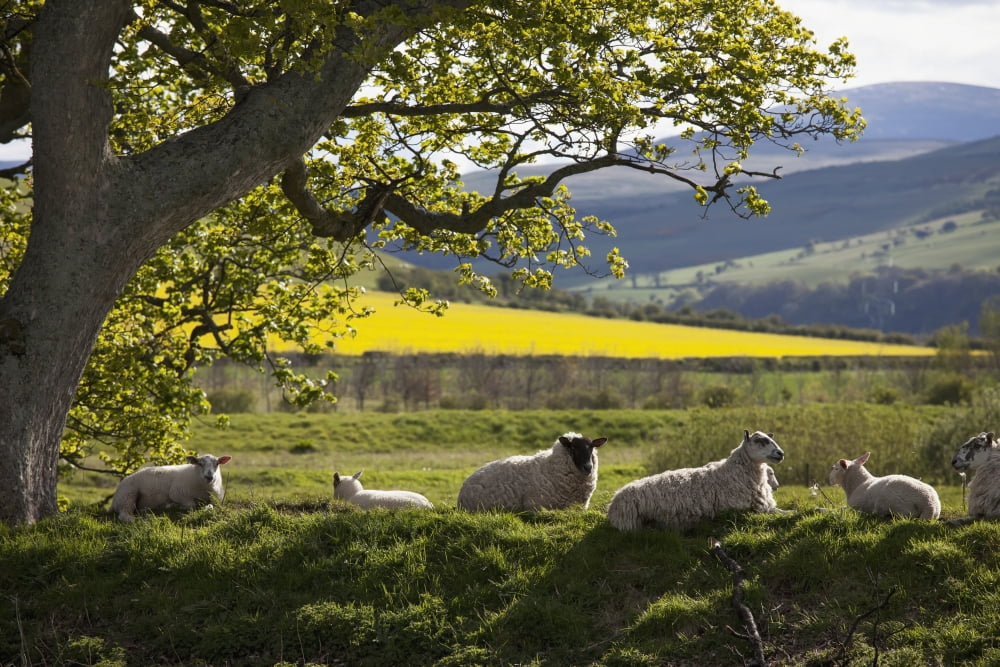 Sheep Laying On The Grass Under A Tree Northumberland England Canvas Art - John Short Design Pics (19 x 12)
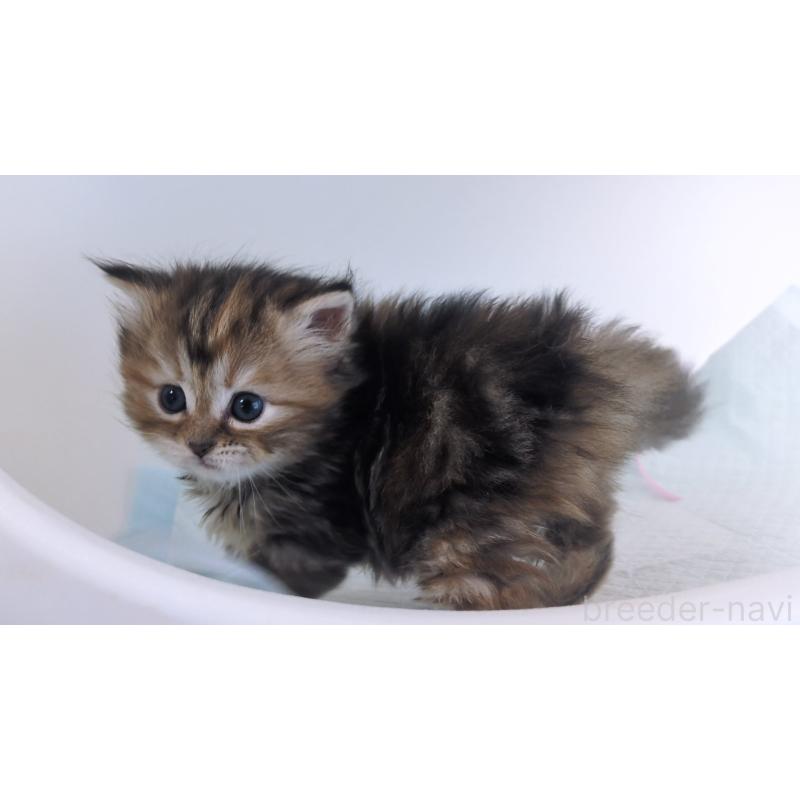 成約済の大阪府のミヌエット-134223の12枚目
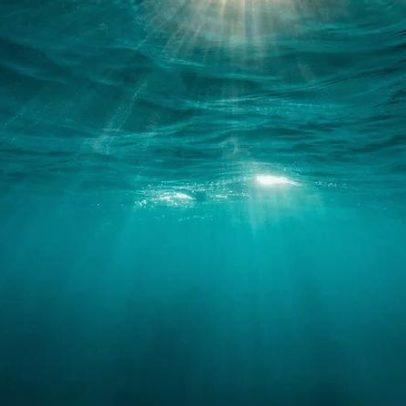 Clima e oceano avançam da transição energética para desmatamento zero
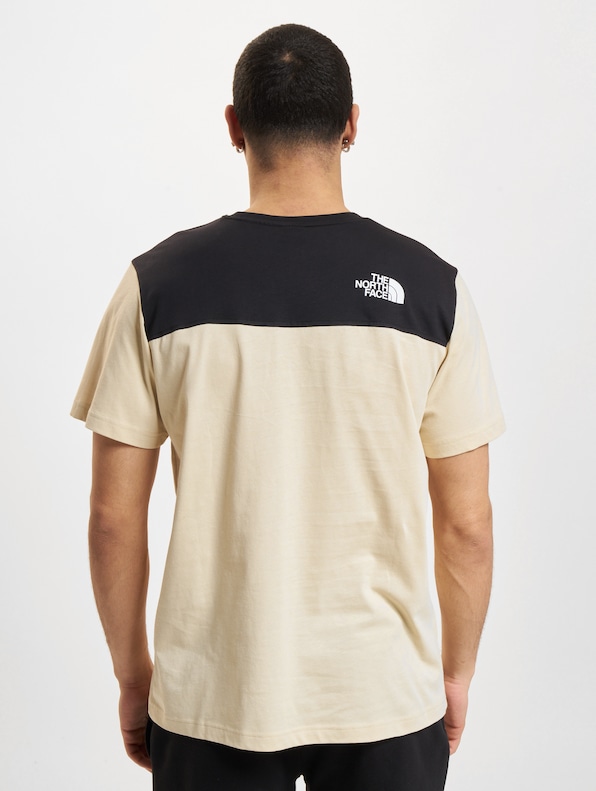 The North Face Icons T-Shirts-1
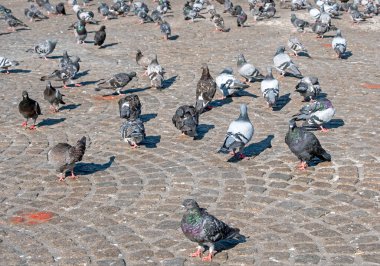 Hollanda, Amsterdam Baraj Meydanı 'ndaki güvercinler.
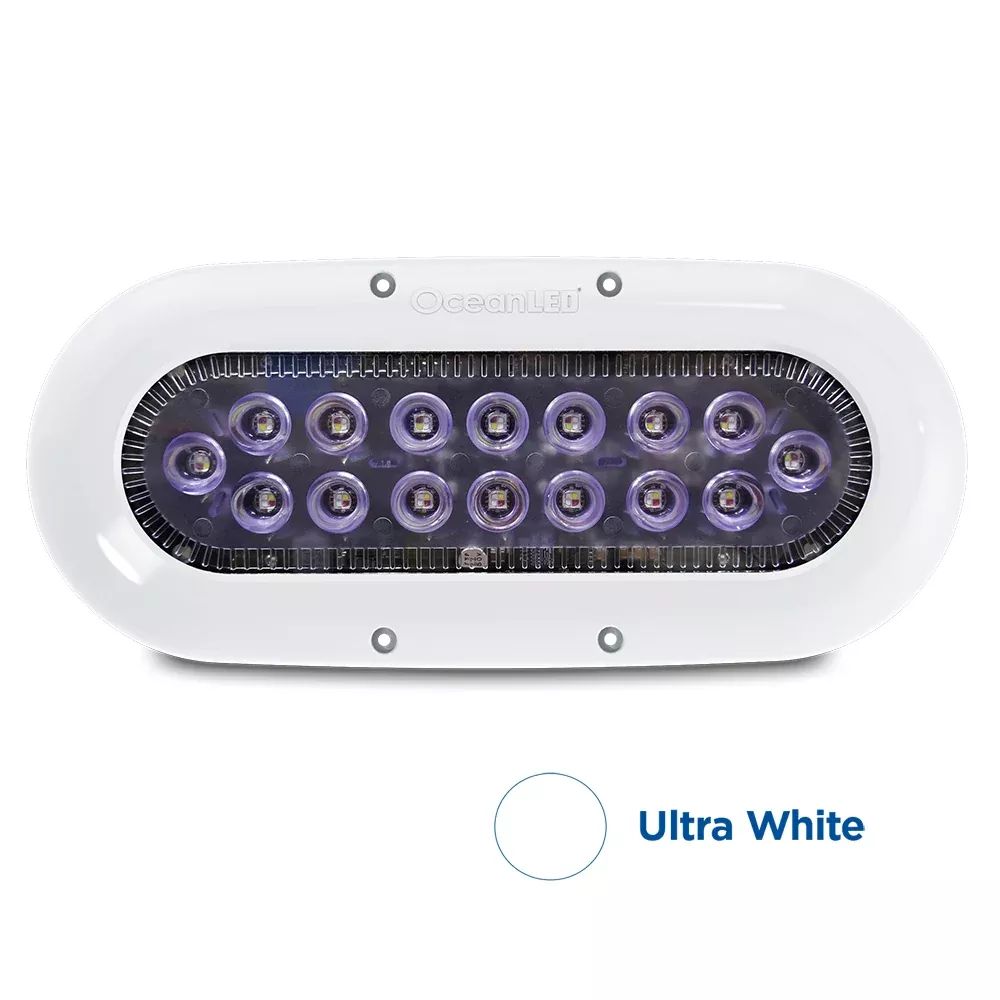 oceanled-x-series-x16-white-leds OceanLED X-Series X16 - White LEDs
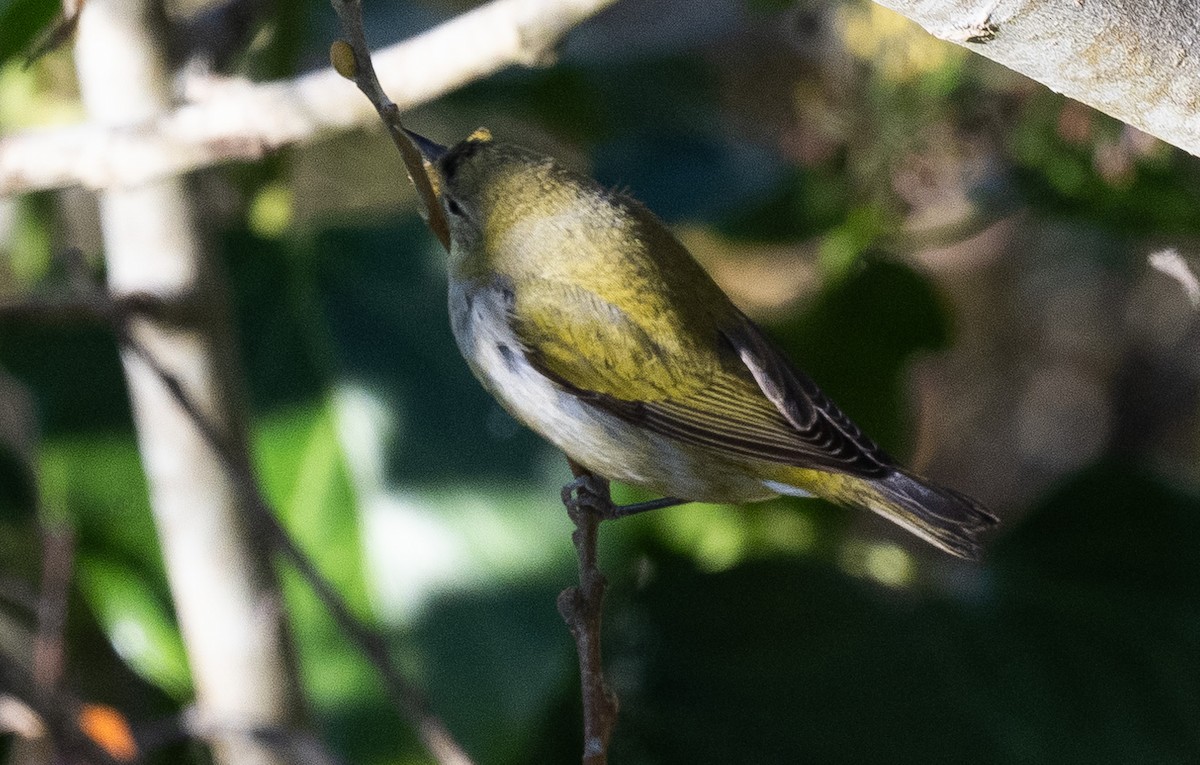 Tennessee Warbler - ML646815254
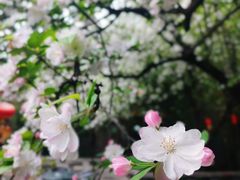 -大唐博相府酒店·陕西官府菜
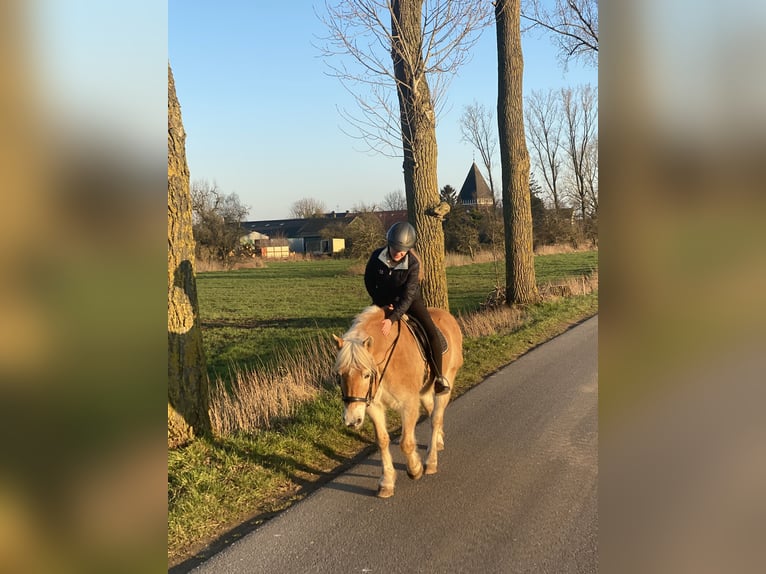 Haflinger Stute 20 Jahre 142 cm in Xanten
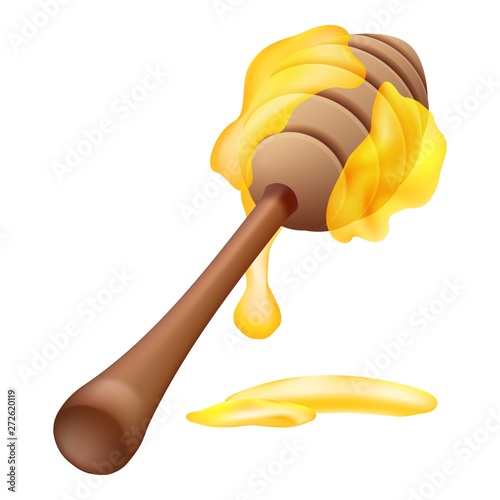 Honey wood spoon icon. Cartoon of honey wood spoon vector icon for web design isolated on white background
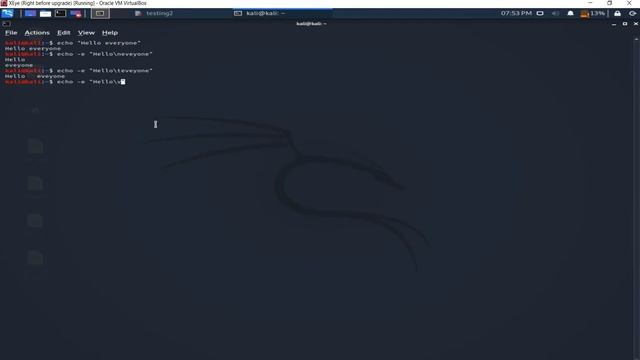How to use echo command in Kali Linux смотреть онлайн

----------

EXERCISE
In the answer, retype exactly and only the lines from the one holding "The North Face Icons T-Shirts-1" through the end of the listing, keeping both ends and dropping every picture.

EXERCISE RESPONSE
 The North Face Icons T-Shirts-1
 Hollanda, Amsterdam Baraj Meydanı 'ndaki güvercinler.
 oceanled-x-series-x16-white-leds OceanLED X-Series X16 - White LEDs
 Tennessee Warbler - ML646815254
 -大唐博相府酒店·陕西官府菜
 Haflinger Stute 20 Jahre 142 cm in Xanten
 Honey wood spoon icon. Cartoon of honey wood spoon vector icon for web design isolated on white background
How to use echo command in Kali Linux смотреть онлайн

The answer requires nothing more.